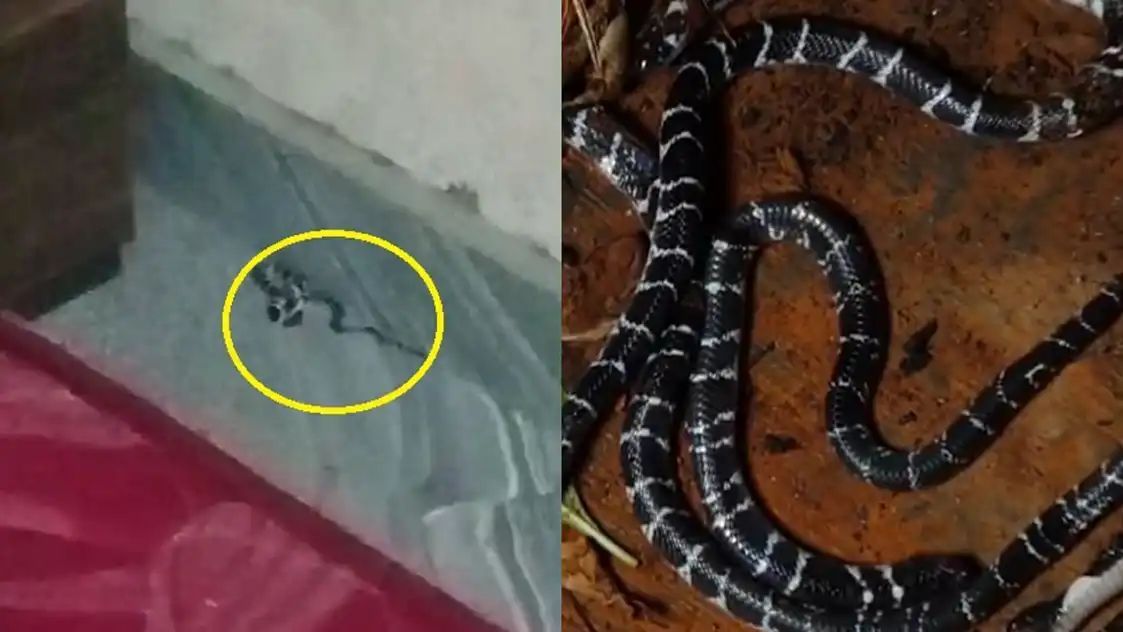 കോഴിക്കോട് യുവാവിന് പാമ്പുകടിയേറ്റു; കുറ്റ്യാടിയിൽ വീടിനുള്ളിൽ നിന്ന് അഞ്ച് വിഷപ്പാമ്പുകളെ പിടികൂടി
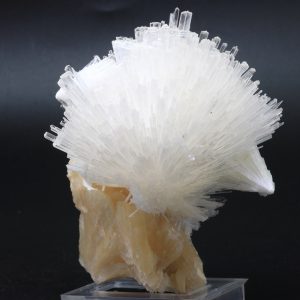 Scolecite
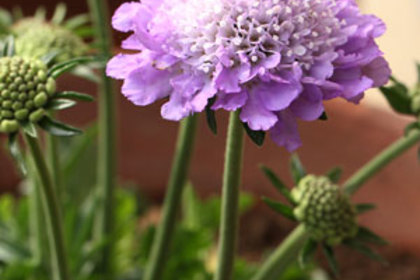 銀座の花屋KT.Flowerのギフト　スカビオサ
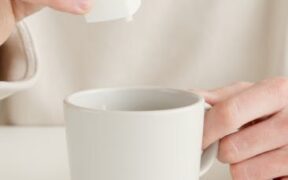 Nausea in cats subtle digestive signs and monitoring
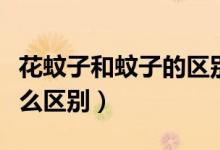 花蚊子和蚊子的區(qū)別（花蚊子和普通蚊子有什么區(qū)別）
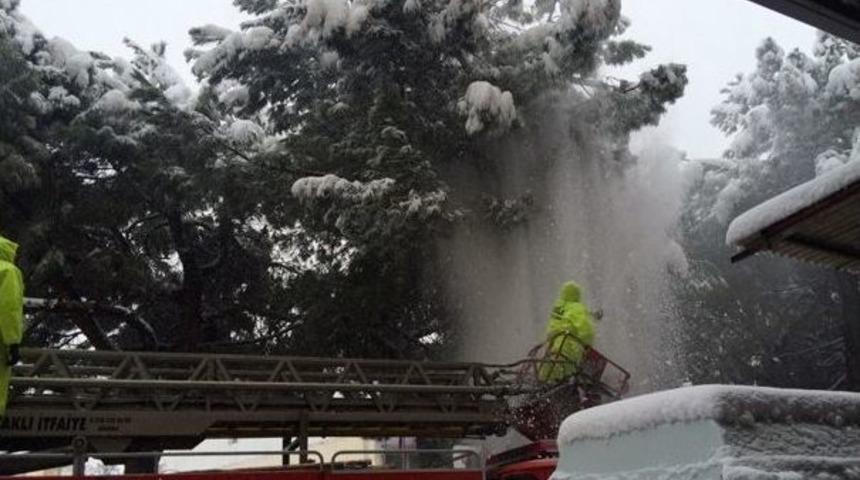 İtfaiye Ekipleri Ağa&ccedil;ları Su Sıkarak Kurtardı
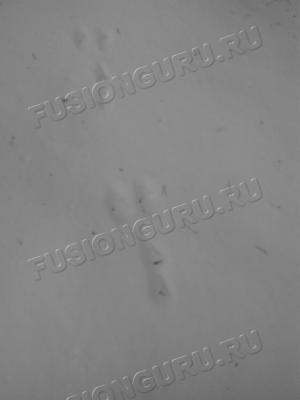 IMG_20170121_123442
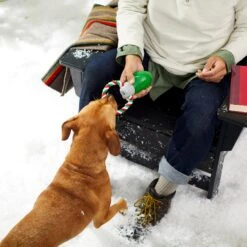 Frisco Holiday Christmas Light Rope With TPR Squeaky Dog Toy 7 Frisco Holiday Christmas Light Rope With TPR Squeaky Dog Toy -Frisco 233278 PT2. AC SS1800 V1601641574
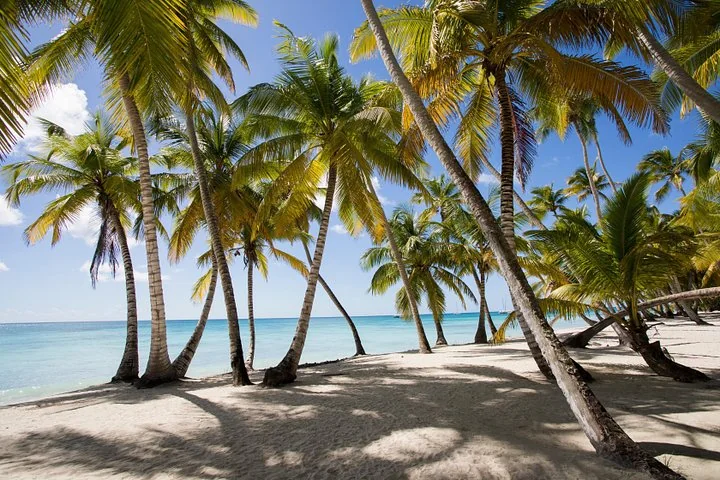 Saona Island Day Trip with Lunch and Open Bar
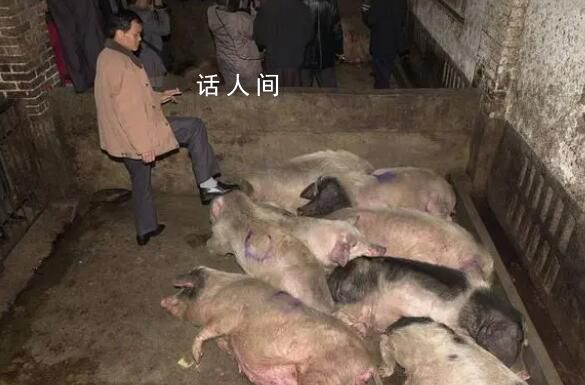 豬場電閘跳閘 高溫致上千頭豬死亡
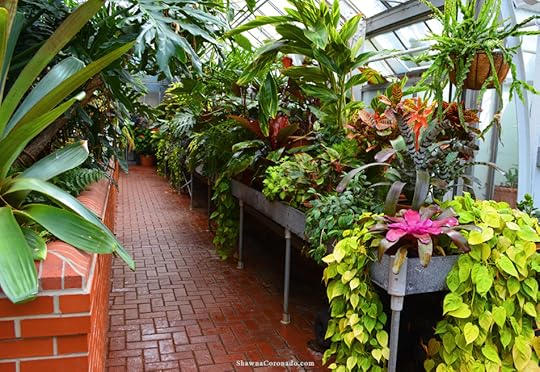 Biltmore Conservatory Greenhouse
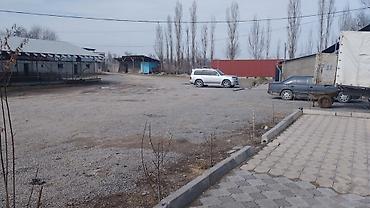 оборудование для магазин: Сдаю базу со складскими помещениями для продажи автозапчастей для — 3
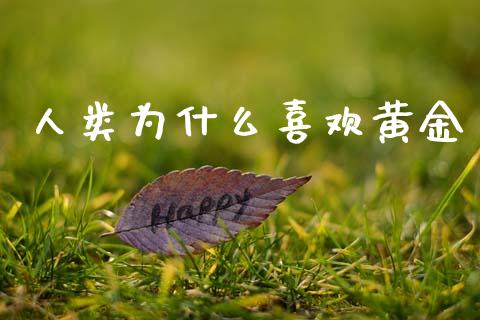 人类为什么喜欢黄金_https://wap.15771688.com_期货手续费一览表_第1张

# # # # #

### Task details
What is needed is a verbatim copy of the lines from the line with "оборудование для магазин: Сдаю" through the last line of the listing, pictures excluded.

### Task response
 оборудование для магазин: Сдаю базу со складскими помещениями для продажи автозапчастей для — 3
 人类为什么喜欢黄金_https://wap.15771688.com_期货手续费一览表_第1张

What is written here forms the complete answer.